(About this task):
Would you copy all lines in the data that contain the word "with"?

(Short text fragments from websites)
_____

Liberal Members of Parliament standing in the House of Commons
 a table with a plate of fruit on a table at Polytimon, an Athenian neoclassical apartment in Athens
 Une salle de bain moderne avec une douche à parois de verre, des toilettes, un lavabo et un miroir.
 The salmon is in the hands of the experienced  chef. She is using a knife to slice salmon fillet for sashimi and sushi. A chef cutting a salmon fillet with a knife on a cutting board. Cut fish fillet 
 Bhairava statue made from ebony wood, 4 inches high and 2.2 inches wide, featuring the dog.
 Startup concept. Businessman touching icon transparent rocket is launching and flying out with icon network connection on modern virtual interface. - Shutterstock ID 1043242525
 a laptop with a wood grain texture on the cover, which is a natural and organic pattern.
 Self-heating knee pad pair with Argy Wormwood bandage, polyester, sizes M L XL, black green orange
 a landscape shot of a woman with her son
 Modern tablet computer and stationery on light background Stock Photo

_____

(Exercise result):
 a table with a plate of fruit on a table at Polytimon, an Athenian neoclassical apartment in Athens
 The salmon is in the hands of the experienced  chef. She is using a knife to slice salmon fillet for sashimi and sushi. A chef cutting a salmon fillet with a knife on a cutting board. Cut fish fillet 
 Startup concept. Businessman touching icon transparent rocket is launching and flying out with icon network connection on modern virtual interface. - Shutterstock ID 1043242525
 a laptop with a wood grain texture on the cover, which is a natural and organic pattern.
 Self-heating knee pad pair with Argy Wormwood bandage, polyester, sizes M L XL, black green orange
 a landscape shot of a woman with her son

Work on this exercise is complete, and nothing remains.